Türk önerileri iki kurucu devletin oluşturacağı ortaklığın, yönetim açısından nasıl işleyeceğinin ana hatlarını içeriyor. Örneğin, devlet başkanı dönüşümlü olarak (Rum 3, Türk 2 yıl) görev yapacak. Hükümet 7 Rum ve 5 Türkten oluşacak. Adada TC vatandaşları AB üyeliği gerçekleşinceye kadar serbest dolaşım ve oturma hakkına sahip olacak. Tek egemenlik ve tek vatandaşlık yürürlüğe girecek, ancak iki kurucu devlet başka ülkelerle direkt anlaşmalar imzalayabilecek, havacılıkta iki ayrı FIR hattı kurulacak...

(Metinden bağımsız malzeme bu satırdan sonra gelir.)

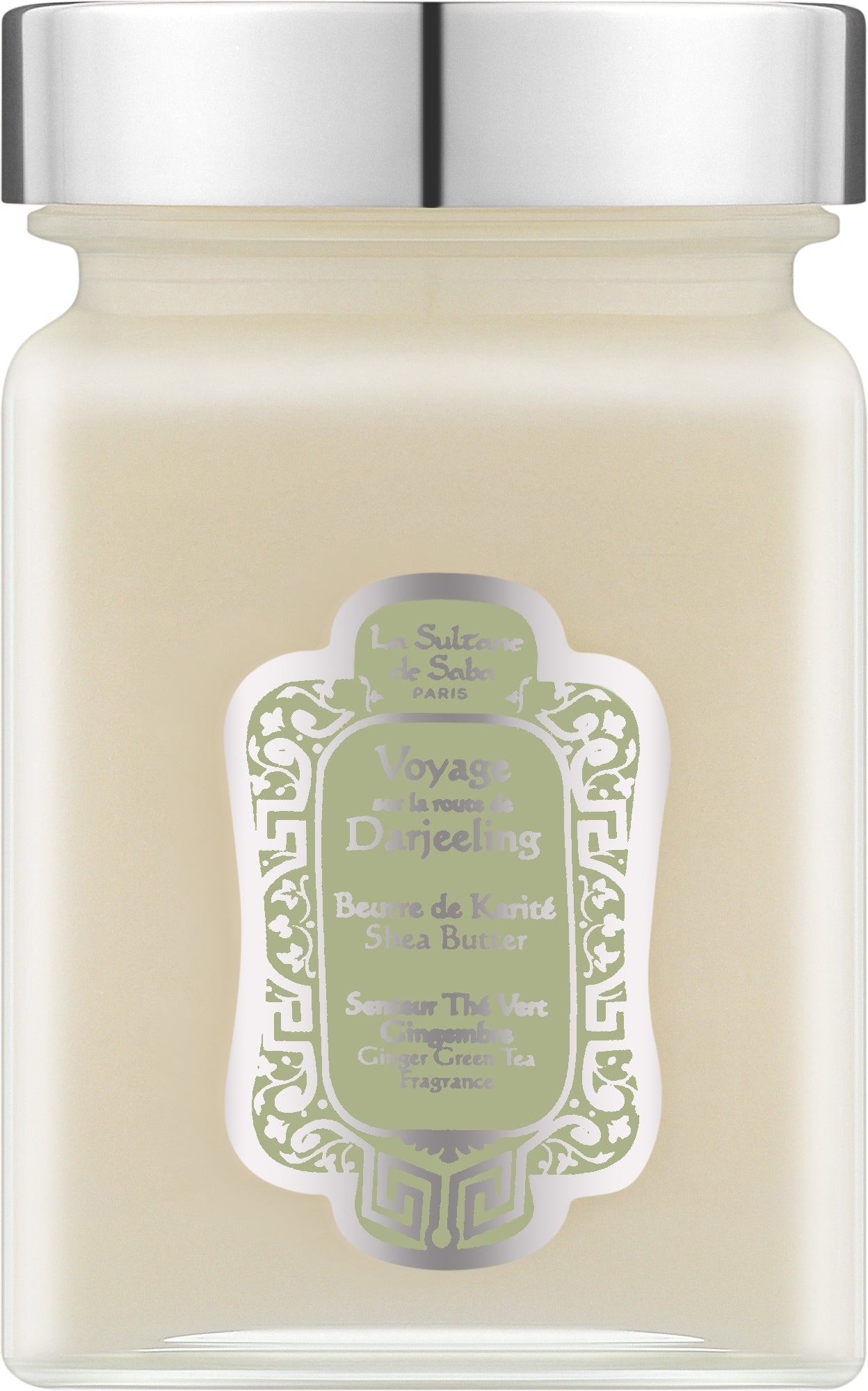 A jar candle with a silver metal lid and a cream-colored wax inside, featuring a decorative green and white label that reads 'Le Souffle du Sel Paris' and 'Voyage de la musc de D'arjeeling'.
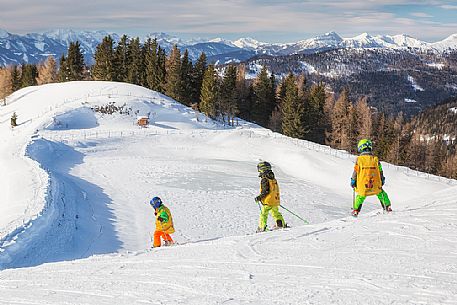 Three little children at the ski lesson in the piste of Biospharenpakbahn Brunnach, Nockberge mountain area, Bad Kleinkirchheim, Carinthia, Austria, Europe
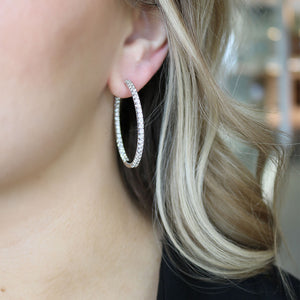 Close-up side view of 3.03ctw diamond hoop earring showcasing pavé diamonds in 14K white gold worn on model's ear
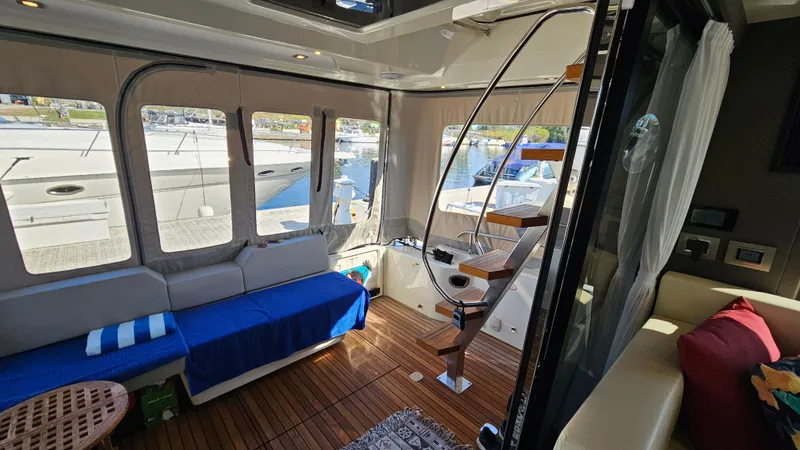  Yacht Photos Pics Interior of 2021 Cranchi Eco Trawler T43, featuring cozy seating and elegant wooden flooring.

Rum tarafının bu önerilere ilk tepkileri olumsuz. Rumlar bunu gevşek bir konfederasyon modeli olarak görüyorlar. Onlar daha merkezi bir federasyondan söz ediyorlar. Zaten bütün anlaşmazlık da bu temel görüş ve duruş farkından kaynaklanıyor.
Görüşmeler ne kadar yoğunlaştırılırsa yoğunlaştırılsın, bu temel fark devam ettikçe kapsamlı bir anlaşma beklemek fazla iyimserlik olur.